TO DO:
For the entries that follow, retype exactly the lines from the one containing "Zwarte sportjack met" to the one containing "Close-up of illuminated", inclusive, and only those. Images stay out of the copy.
====================
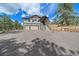 Two-story home with a three-car garage, stone accents, and an inviting covered entryway at 24701 Us Hwy 40, Golden, CO 80401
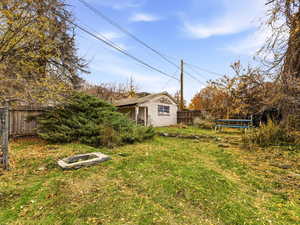 Fenced backyard featuring a trampoline and an outbuilding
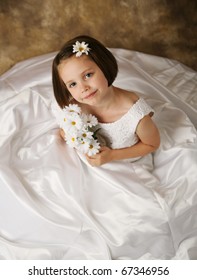 Beautiful Young Female Child Wearing Her Mother's Wedding Dress Which Is Too Big For Her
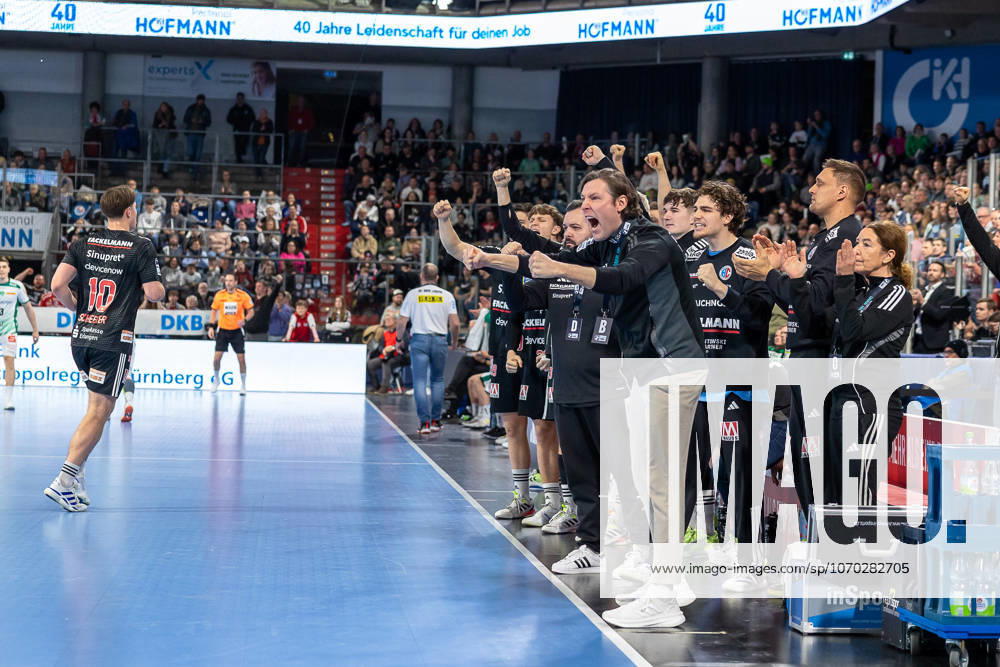 Juebl at Johannes Sellin HC Erlangen, Head Coach and the Erlangen bench, Florian Scheerer HC Erlangen, 10 HC Erlangen vs SC DHfK Leipzig, Handball, 1 Handball Bundesliga, Season 2025 2026, 17 Matchday, 13 12 2025 HC Erlangen vs SC DHfK Leipzig, Handball, 1 Handball Bundesliga, Season 2025 2026, 17 Matchday, 13 12 2025 Nuremberg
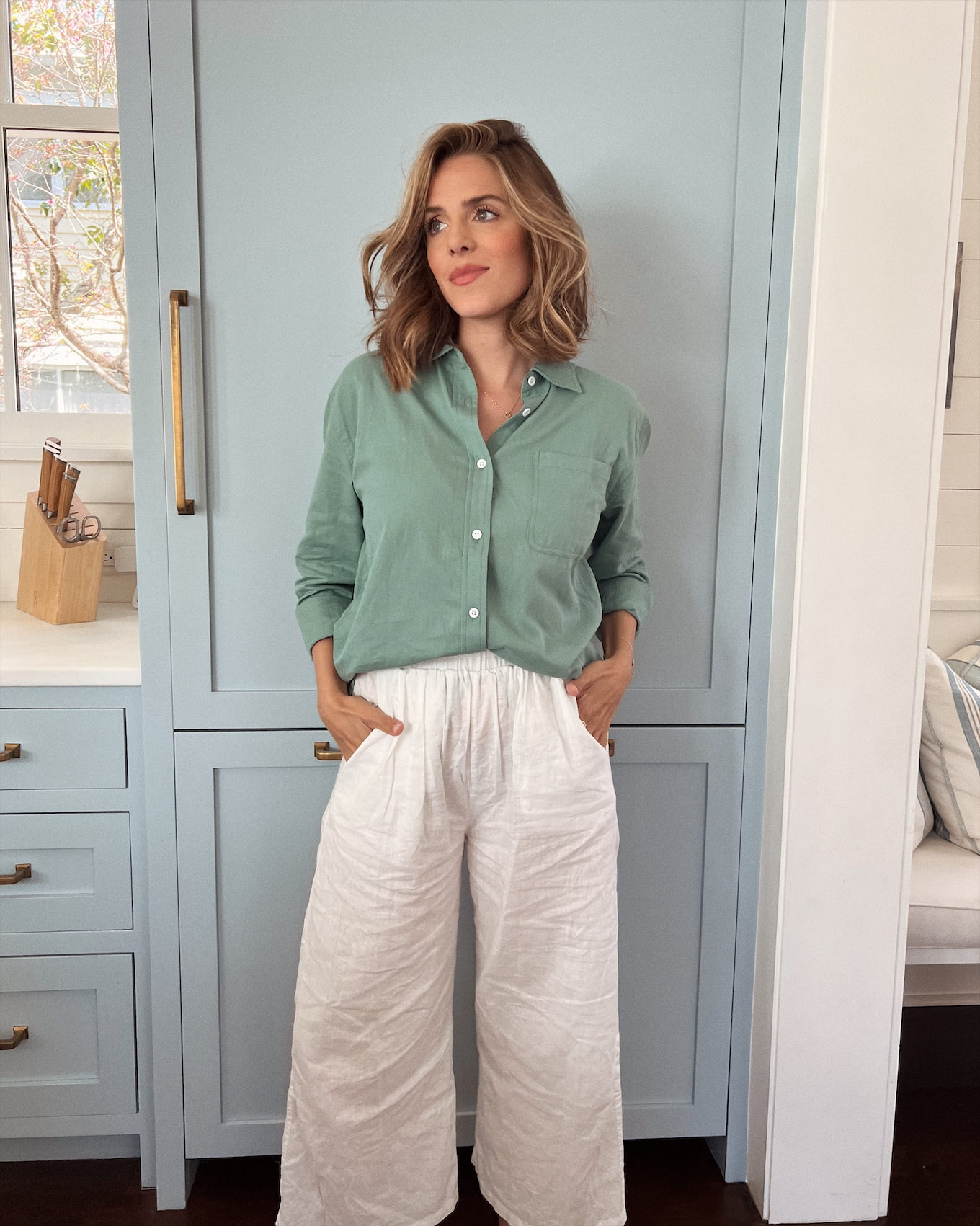teal collared button down white linen pants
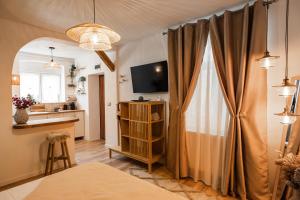 a room with a bed and a window with a curtain at HarmoNee - Central Retreat in Braşov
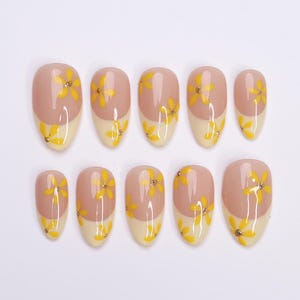 May include: A set of ten oval-shaped false nails. Each nail features a two-tone design with a light beige base and a nude pink upper section. Yellow floral designs and small gold accents adorn each nail, creating a delicate and feminine aesthetic.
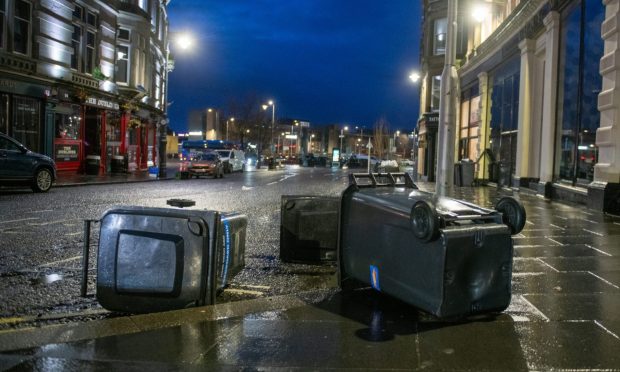 Bins blown over in Dundee city centre as Storm Eowyn picks up. Image: Kim Cessford/DC Thomson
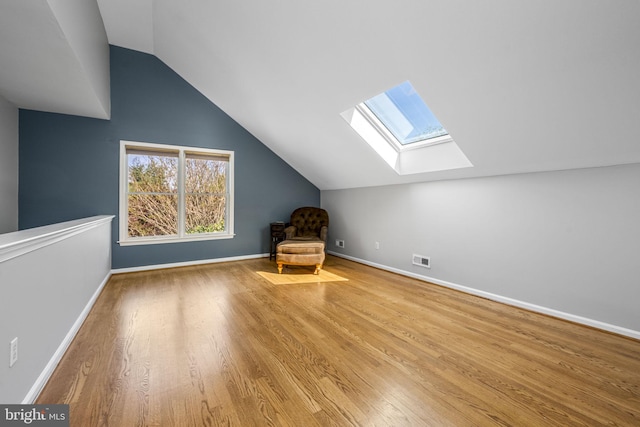 additional living space featuring baseboards, visible vents, wood finished floors, and vaulted ceiling with skylight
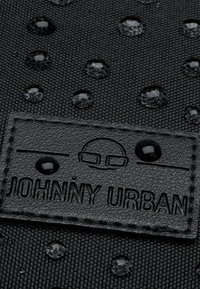 Black textured fabric with raised water droplets and an embossed label reading "JOHNNY URBAN" in a simple font. Durable and water-resistant design.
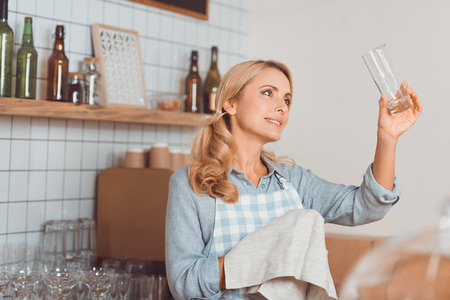 smiling waitress holding towel and looking at clean glass in cafeの写真素材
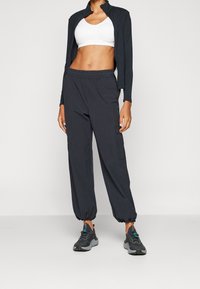 Zwarte sportjack met hoge kraag, witte sport-beha, losse grijze joggers met elastische boorden en zijzakken, en grijze sneakers.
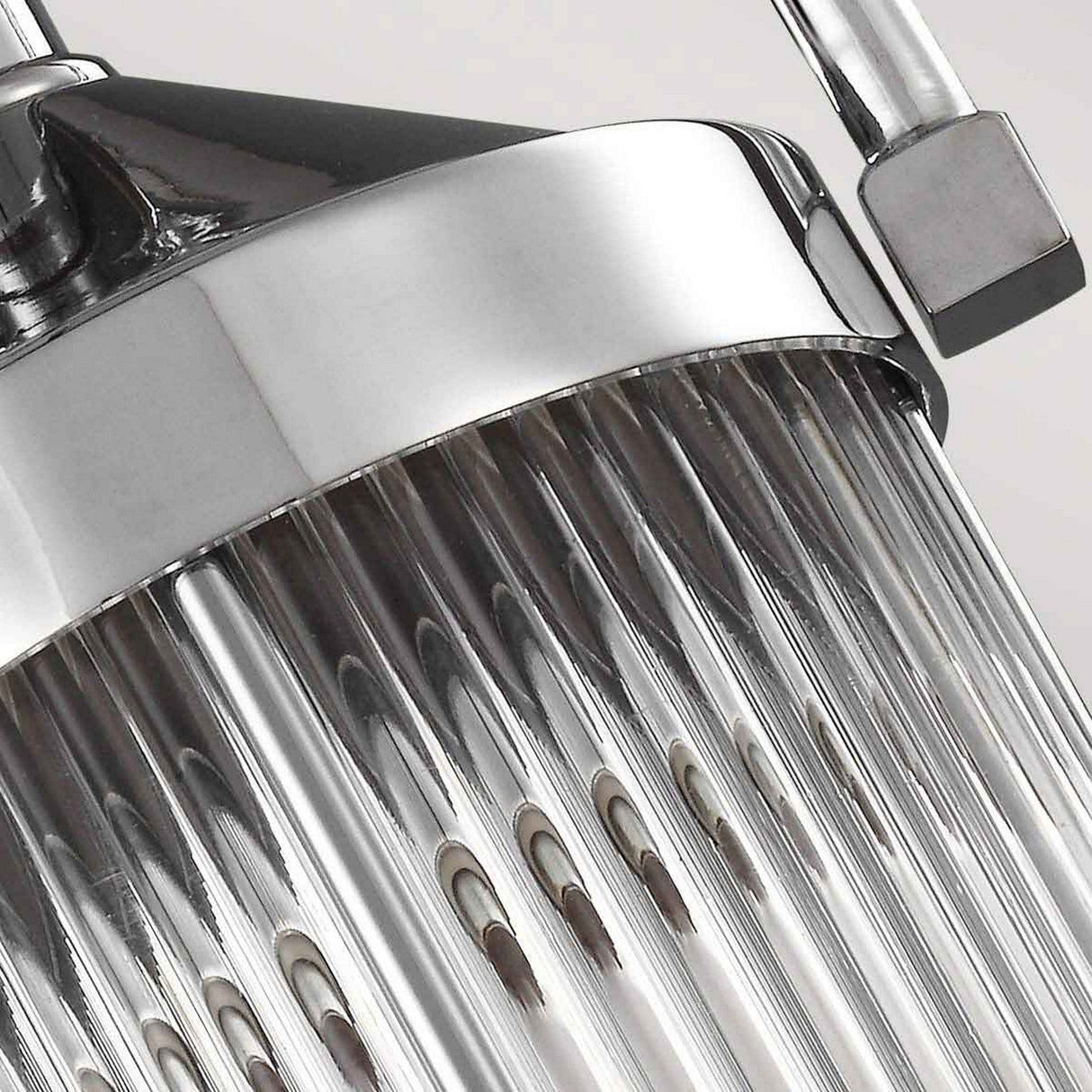 Close-up of a modern, metallic showerhead with multiple small water nozzles and a chrome finish. The surface is shiny and reflects light, highlighting its sleek, contemporary design reminiscent of the Paulson 1 Light Mini Pendant - Chrome's elegance.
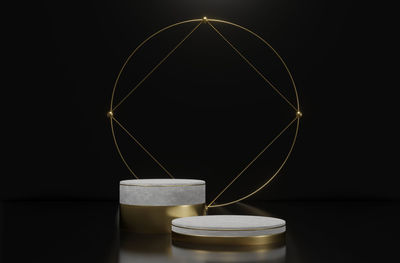 Close-up of illuminated light bulb against black background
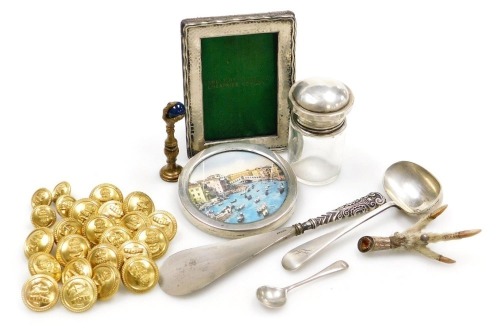 A group of small silver, comprising a silver handled shoe horn, cut glass toilet jar with silver screw lid, and two strut photograph frames, together with plated wares, military buttons, brass seal, and a Scottish silver mounted bird's claw brooch. (a qua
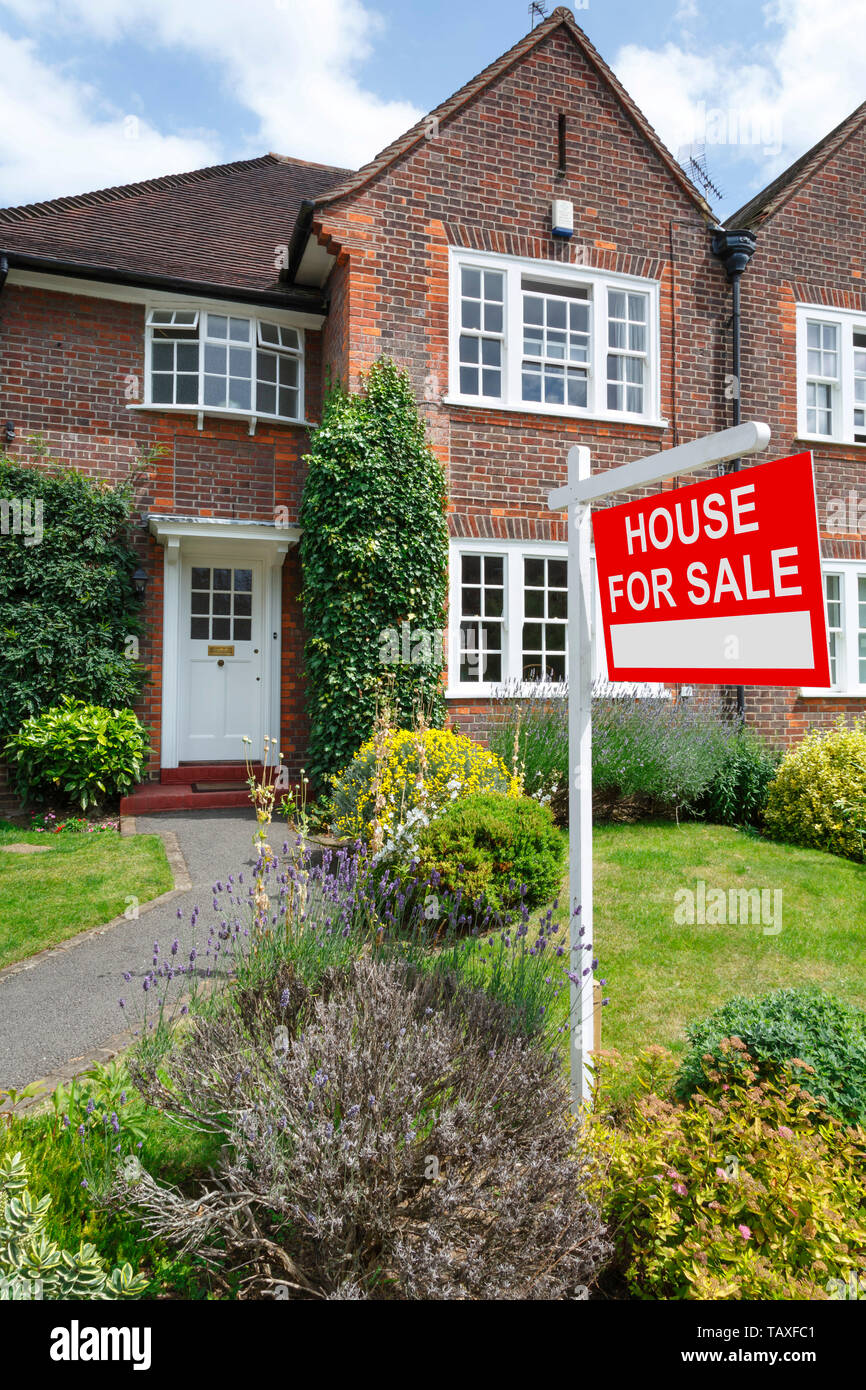 House for sale sign outside a typical UK semi-detached house in London Stock Photo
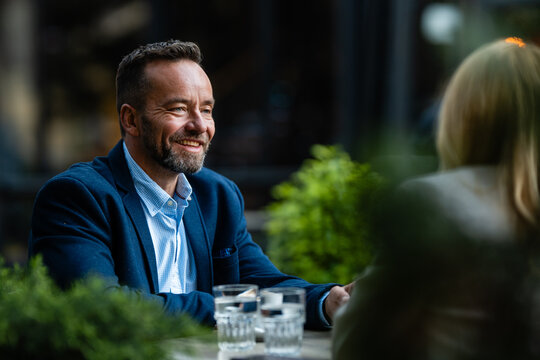 Smiling man having business conversation at outdoor cafe
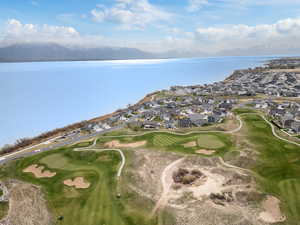 Aerial view of backyard with a residential view, golf course view, and a water and mountain view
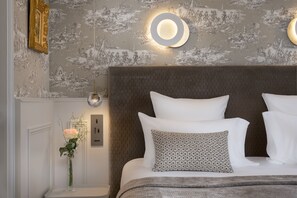 A bedroom with a large bed, a nightstand, a wall-mounted light, and a floral arrangement.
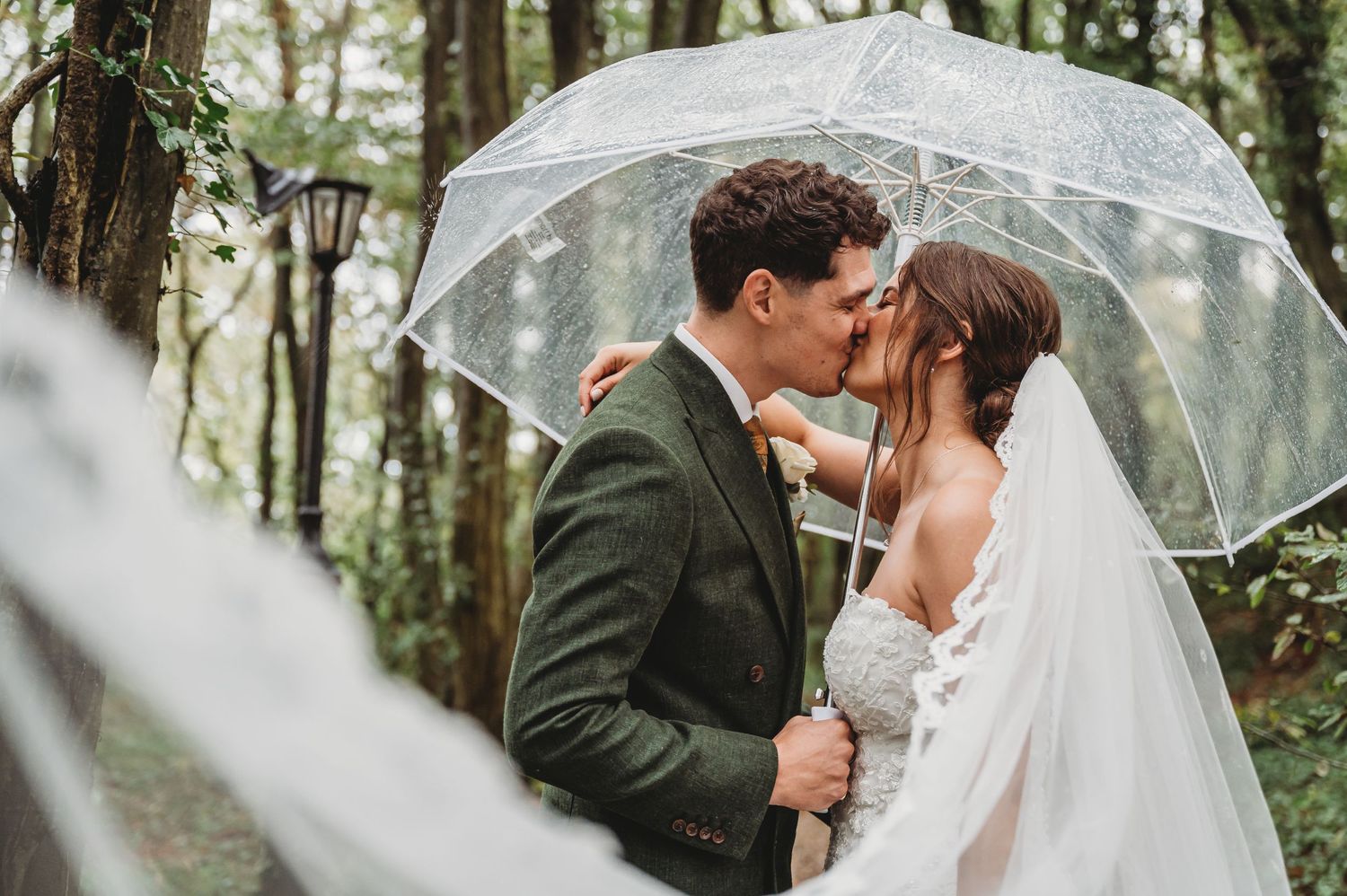 Romantic wedding portrait under a clear umbrella in a misty forest setting.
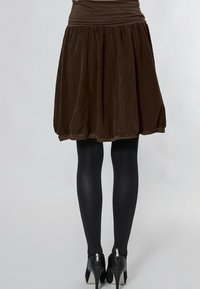 Brauer Samtrock mit einem gerafften Design, tailliertem Bund und einem Saum oberhalb des Oberschenkels. Kombiniert mit schwarzen Strumpfhosen und High Heels.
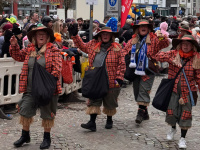 Vier Frauen in karierten Jacken, Hüten und Stiefeln marschieren beim Umzug durch die Straße und winken lachend ins Publikum.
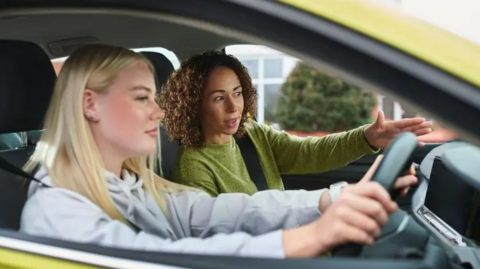 A driver and instructor sit in a car. They are both female and the driver's window is down giving a clearer image of them in the vehicle. The driver has blonde hair and is wearing a grey sweat top and has both hands on the wheel. The instructor has brown curly hair and is in a green top with one hand directing the driver.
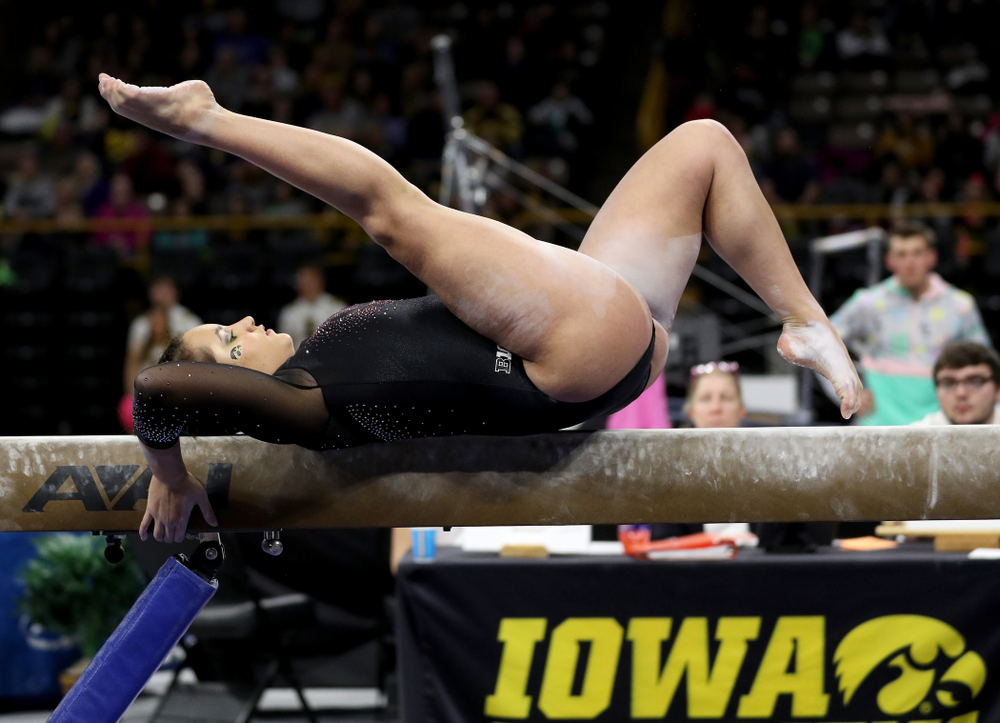 Iowa’s Dani Castillo competes on the beam against Michigan Friday, February 14, 2020 at Carver-Hawkeye Arena. (Brian Ray/hawkeyesports.com)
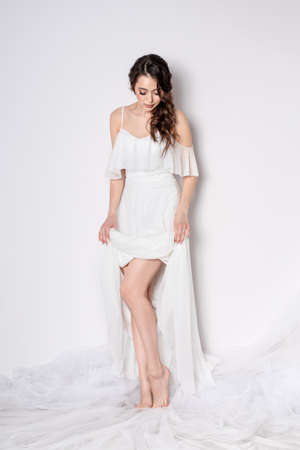 Beautiful sexy woman brunette in fashion long dress for party wedding. Bride natural model with natural makeup style for celebrity white backgroundの写真素材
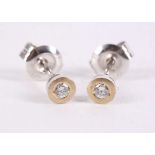 A pair of diamond earstuds, Each collet-set brilliant-cut diamond, diamonds approx. 0.10ct total,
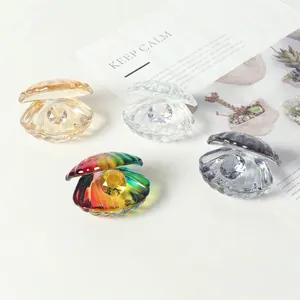 Artistic crystal seashell figurines with pearl gemstones in four elegant gradient colors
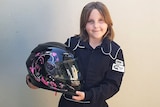 Eight-year-old Anita Board stands in a black racesuit holding her black and pink race helmet against a wall, posing for a photo.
====================
YOUR SOLUTION:
 Zwarte sportjack met hoge kraag, witte sport-beha, losse grijze joggers met elastische boorden en zijzakken, en grijze sneakers.
 Close-up of a modern, metallic showerhead with multiple small water nozzles and a chrome finish. The surface is shiny and reflects light, highlighting its sleek, contemporary design reminiscent of the Paulson 1 Light Mini Pendant - Chrome's elegance.
 Close-up of illuminated light bulb against black background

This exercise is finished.